People outside the academy still do not grasp that such discourse doesn’t represent some eccentric backwater within the university—it lies at the very core of today’s humanities. It’s the serious, selfless study of human creation that is now at the margins, fighting for survival. And the identity-studies worldview doesn’t stay put.

New York’s leftist mayor, the supremely self-confident Bill de Blasio, has of late been promoting his agenda for eradicating economic inequality—a mission he believes to be fully in line with his powers as mayor. Compared with such academic irrelevancies as “feminist materialisms,” de Blasio’s predictable list of income-redistributing and market–manipulating measures seems almost refreshingly down-to-earth. But in fact, de Blasio’s political world is intimately related to the academic hothouse. His ongoing argument that the police are the greatest threat facing young black males today is of a piece with academic racial victimology; it’s a virtual certainty that his administration is rife with gender-studies and critical-race theory graduates.

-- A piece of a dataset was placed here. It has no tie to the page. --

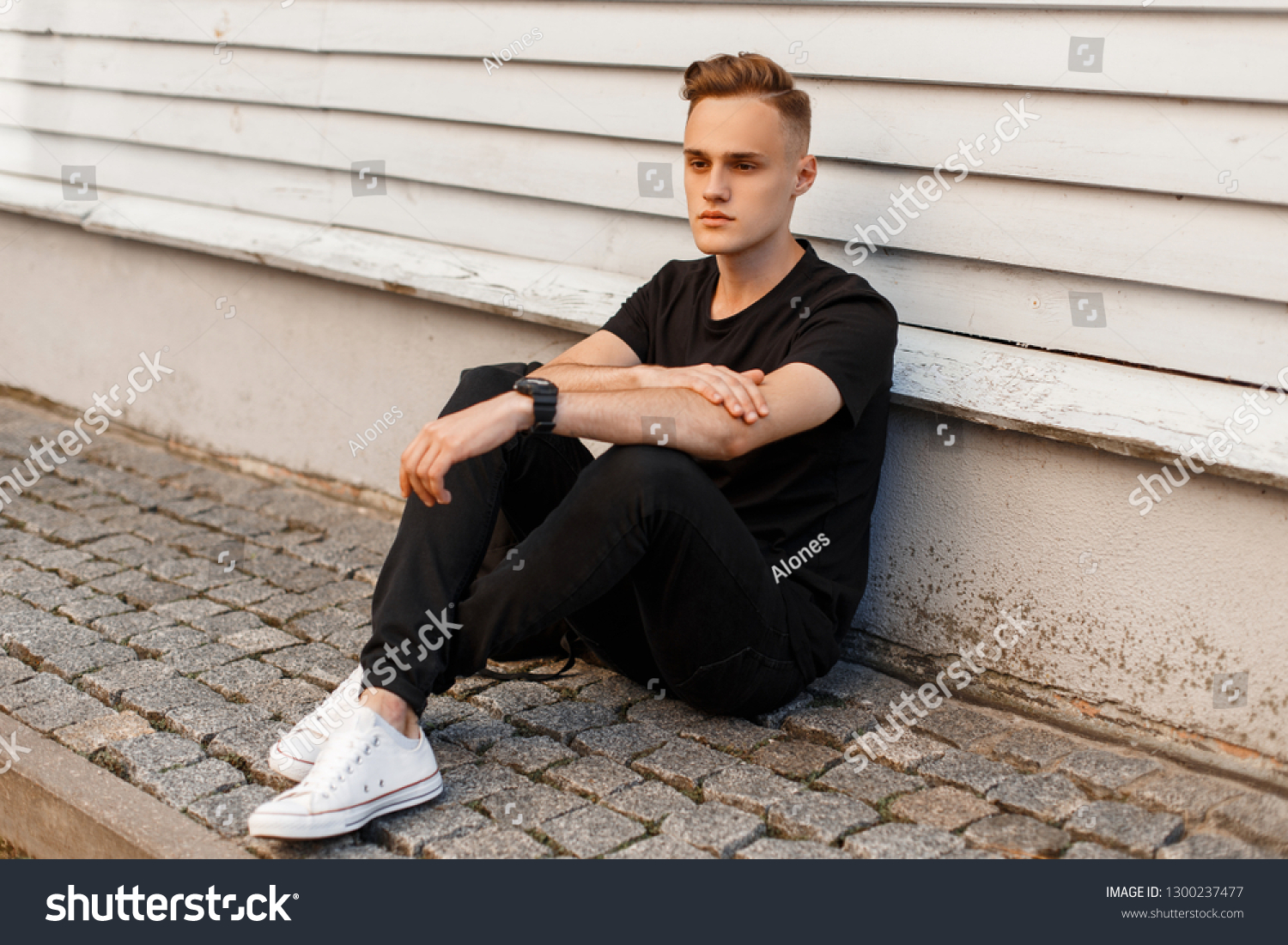 Handsome young man with a stylish hairstyle in stylish black summer clothes in fashionable white sneakers sits near a white historic building. Cool modern guy is relaxing. #1300237477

The current political debate about how to make college more affordable proceeds in blind ignorance of the actual content of college courses. University presidents are expert at presenting a reassuring, normal face to the outside world, pretending that their institutions are all about practical knowledge creation and the elevation of students’ future earnings (the latter function an improper goal for the university in any case). What needs to be understood is that the people running the humanities today are no longer the guardians of our culture, but its nemesis.